-- Given data --
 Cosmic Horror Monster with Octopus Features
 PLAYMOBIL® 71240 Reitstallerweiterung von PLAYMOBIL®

--

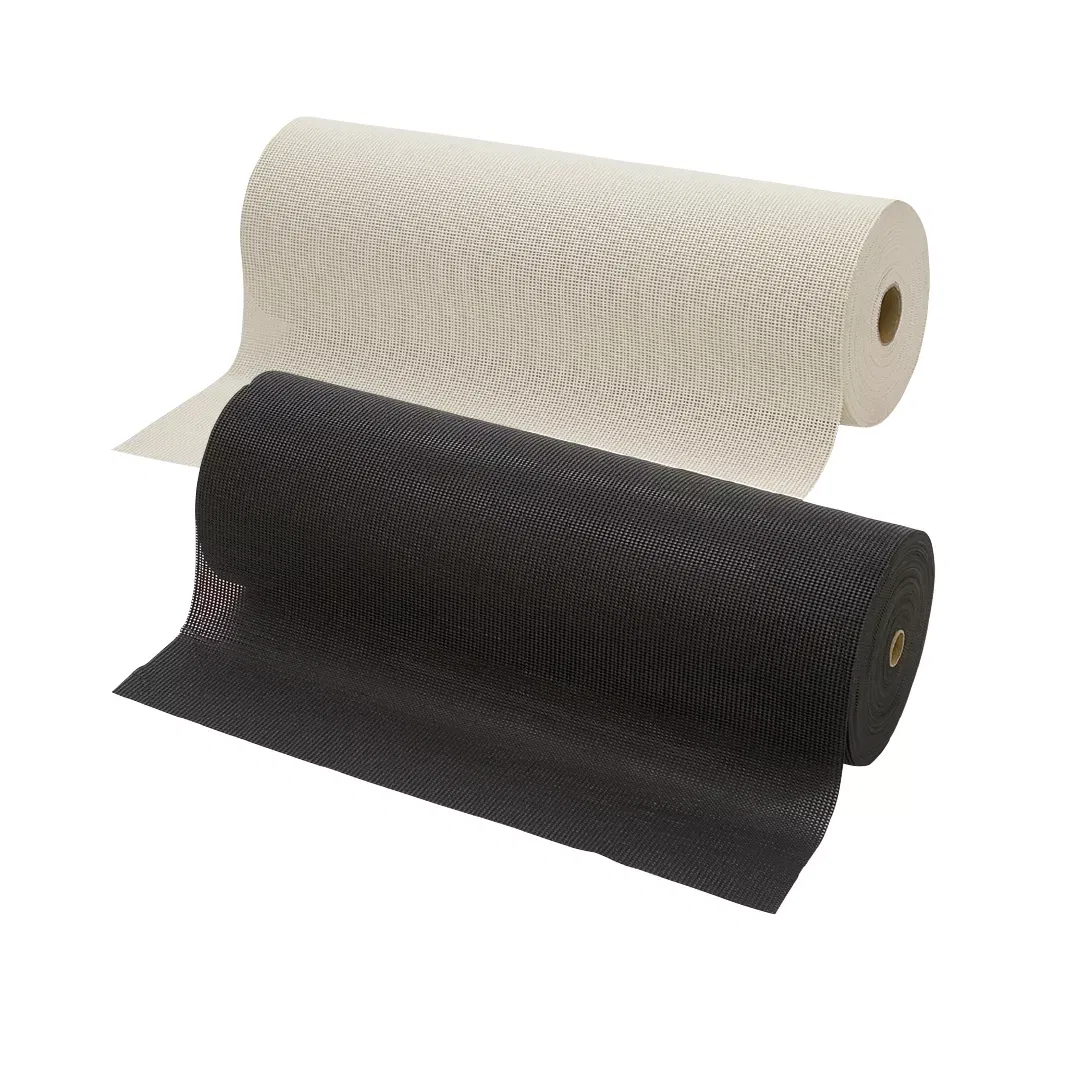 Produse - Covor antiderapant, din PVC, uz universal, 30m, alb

-- Work task --
For this exercise, please output exactly the lines above starting at the line with "Cosmic Horror Monster with Octopus Features" and ending at the line with "PLAYMOBIL® 71240 Reitstallerweiterung", ends included.

-- Written solution --
 Cosmic Horror Monster with Octopus Features
 PLAYMOBIL® 71240 Reitstallerweiterung von PLAYMOBIL®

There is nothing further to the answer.